Exercise = Retype only what runs from the beginning of the data through the line with "Zwei angeknabberte Schokoladenhasen"; please omit the pictures and keep every line exact.

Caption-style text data
┄┄┄┄┄┄┄┄┄┄

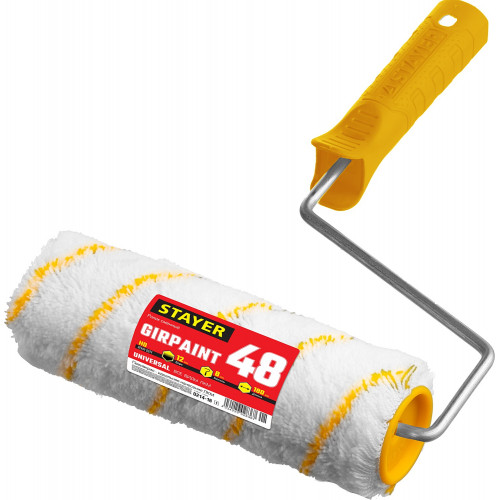 STAYER GIRPAINT, 48 х 180 мм, бюгель 8 мм, ворс 12 мм, полиакрил, все виды ЛКМ, малярный валик, Professional (0314-18)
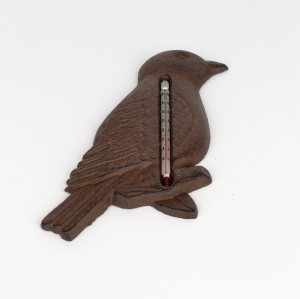 Teplomer kovový vtáčik 13,5x21cm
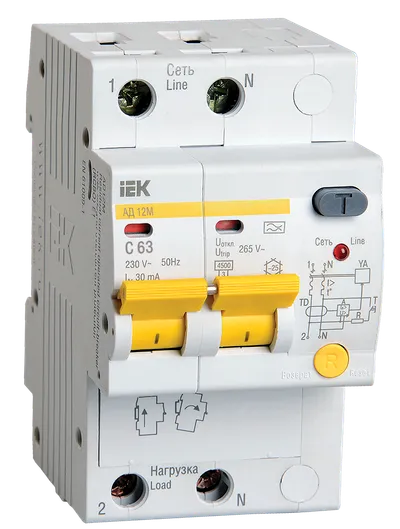 KARAT Дифференциальный автомат АД12M 2P C63 30мА тип A IEK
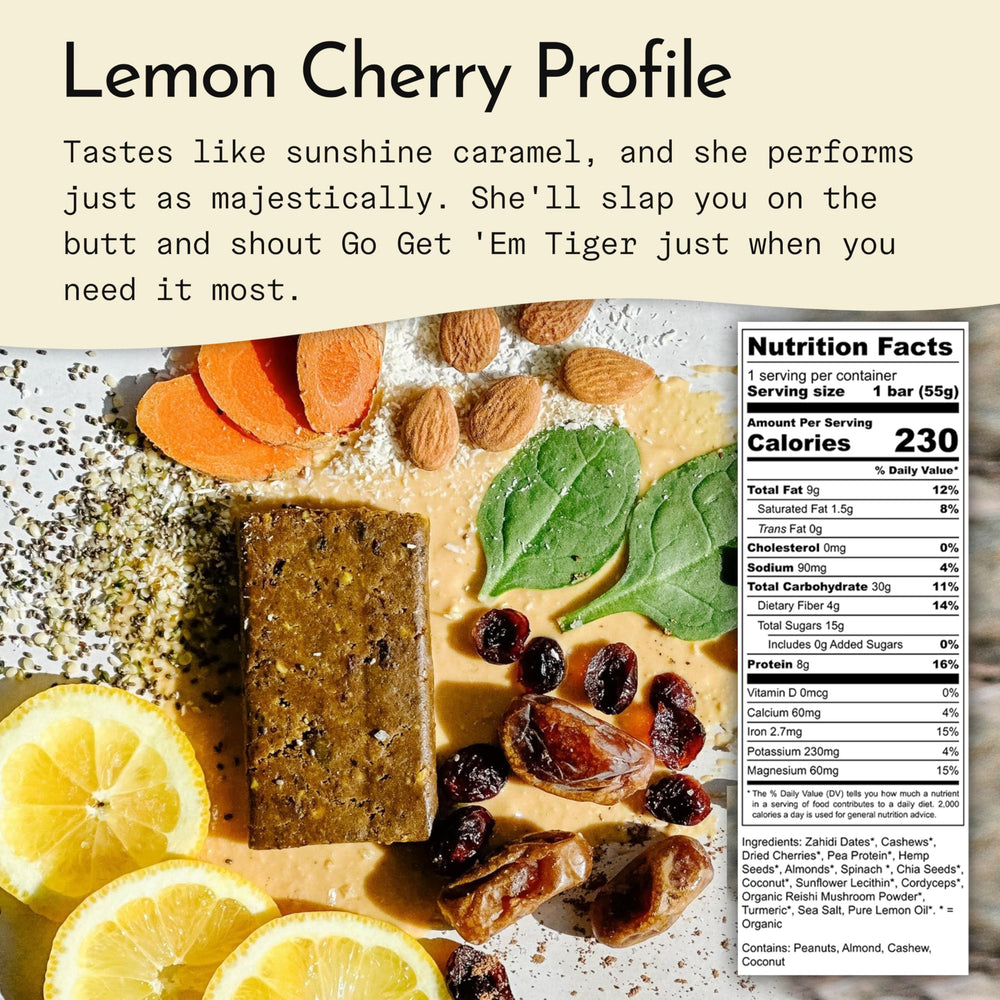 Send Bars Lemon Cherry greens packed bar shows on the go source of plant greens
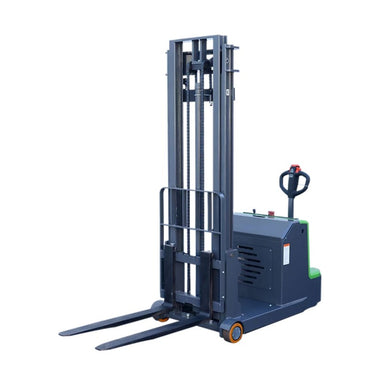 Forklift in green and black, EKKO EK10S-118LI model, designed for lifting loads up to 2200 lbs safely.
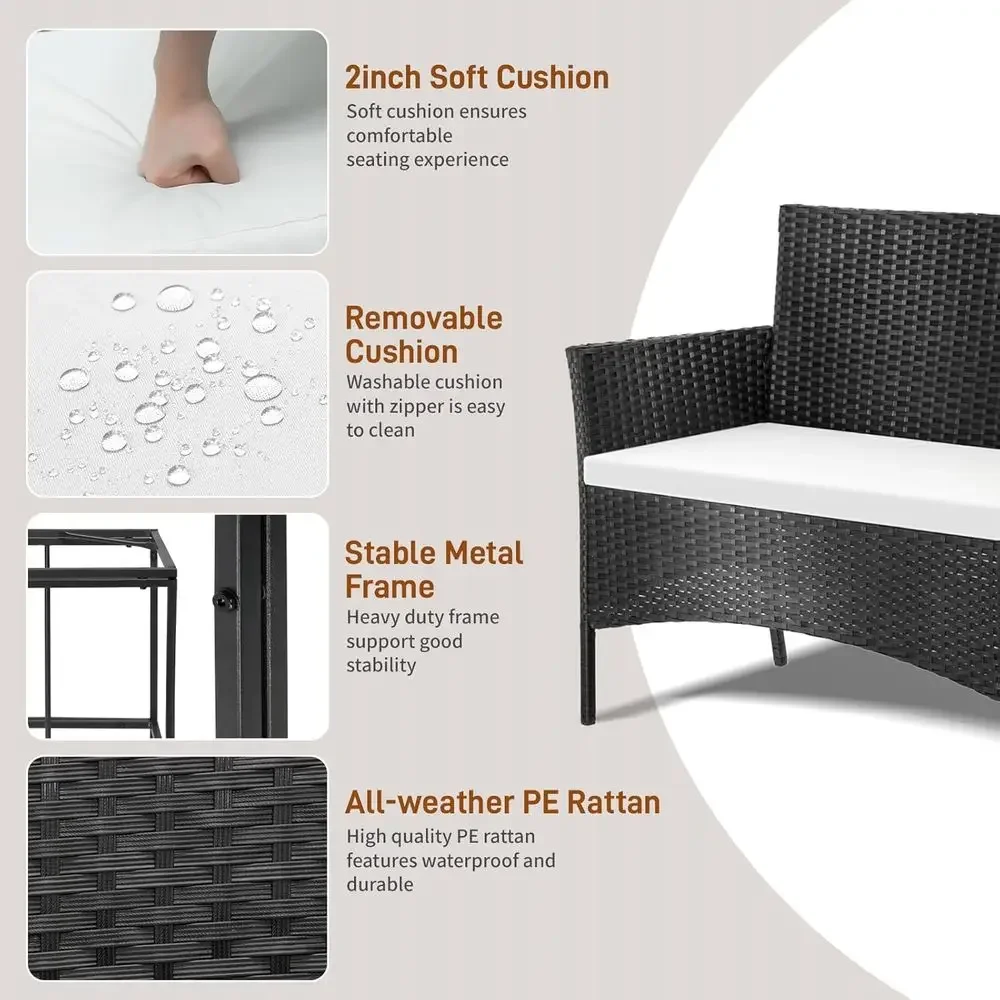 4-Piece Outdoor Patio Furnitur - Outdoor Furniture Loveseat review and price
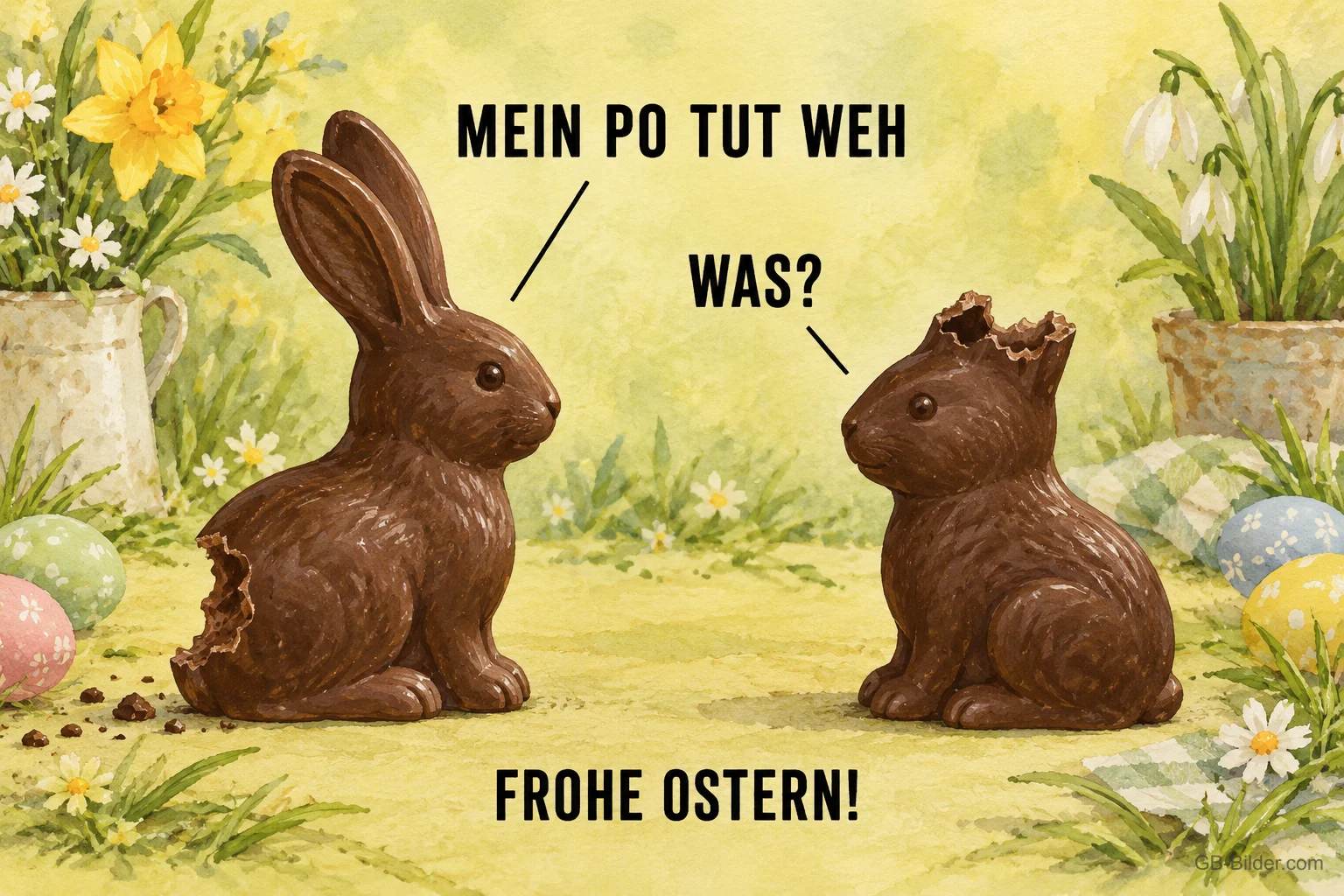 Zwei angeknabberte Schokoladenhasen mit Sprechblasen, Text: MEIN PO TUT WEH – WAS? – FROHE OSTERN!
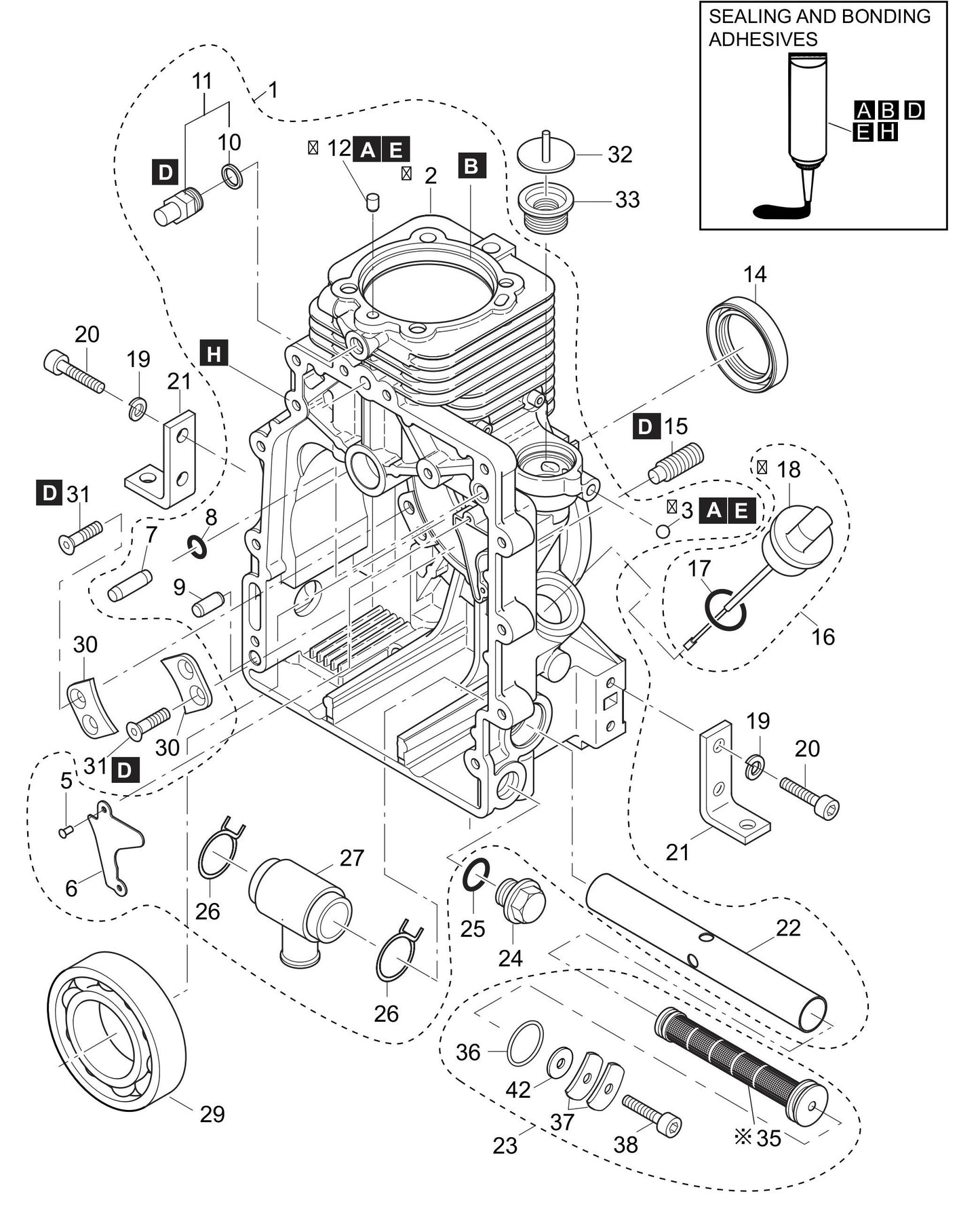 MVH308DZ HATZ 1B30 Engine Crankcase Assembly Parts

┄┄┄┄┄┄┄┄┄┄

Your solution =
 STAYER GIRPAINT, 48 х 180 мм, бюгель 8 мм, ворс 12 мм, полиакрил, все виды ЛКМ, малярный валик, Professional (0314-18)
 Teplomer kovový vtáčik 13,5x21cm
 KARAT Дифференциальный автомат АД12M 2P C63 30мА тип A IEK
 Send Bars Lemon Cherry greens packed bar shows on the go source of plant greens
 Forklift in green and black, EKKO EK10S-118LI model, designed for lifting loads up to 2200 lbs safely.
 4-Piece Outdoor Patio Furnitur - Outdoor Furniture Loveseat review and price
 Zwei angeknabberte Schokoladenhasen mit Sprechblasen, Text: MEIN PO TUT WEH – WAS? – FROHE OSTERN!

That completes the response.